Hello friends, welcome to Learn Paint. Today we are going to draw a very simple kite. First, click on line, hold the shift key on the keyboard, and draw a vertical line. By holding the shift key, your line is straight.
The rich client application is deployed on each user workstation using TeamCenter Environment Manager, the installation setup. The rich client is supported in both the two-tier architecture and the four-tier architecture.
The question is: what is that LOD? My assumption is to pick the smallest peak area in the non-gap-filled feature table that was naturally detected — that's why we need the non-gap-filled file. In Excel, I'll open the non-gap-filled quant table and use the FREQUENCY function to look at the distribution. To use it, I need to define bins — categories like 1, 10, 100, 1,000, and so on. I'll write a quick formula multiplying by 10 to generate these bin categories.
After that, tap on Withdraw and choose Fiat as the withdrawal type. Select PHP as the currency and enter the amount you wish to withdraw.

■ ■ ■ ■ ■

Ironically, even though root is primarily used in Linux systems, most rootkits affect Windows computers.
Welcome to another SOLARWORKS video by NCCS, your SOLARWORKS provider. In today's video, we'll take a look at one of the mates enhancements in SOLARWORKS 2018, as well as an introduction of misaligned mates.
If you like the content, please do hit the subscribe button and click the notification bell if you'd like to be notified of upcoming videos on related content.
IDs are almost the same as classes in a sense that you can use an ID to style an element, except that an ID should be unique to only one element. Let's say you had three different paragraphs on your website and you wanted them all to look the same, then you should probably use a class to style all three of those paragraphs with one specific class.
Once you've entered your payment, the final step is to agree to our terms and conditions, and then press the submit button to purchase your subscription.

■ ■ ■ ■ ■

Task goal: The lines above starting at the one that contains "Hello friends, welcome" and ending at the one that contains "The rich client application" must be transcribed exactly, and no other lines may appear.

Exercise result:
Hello friends, welcome to Learn Paint. Today we are going to draw a very simple kite. First, click on line, hold the shift key on the keyboard, and draw a vertical line. By holding the shift key, your line is straight.
The rich client application is deployed on each user workstation using TeamCenter Environment Manager, the installation setup. The rich client is supported in both the two-tier architecture and the four-tier architecture.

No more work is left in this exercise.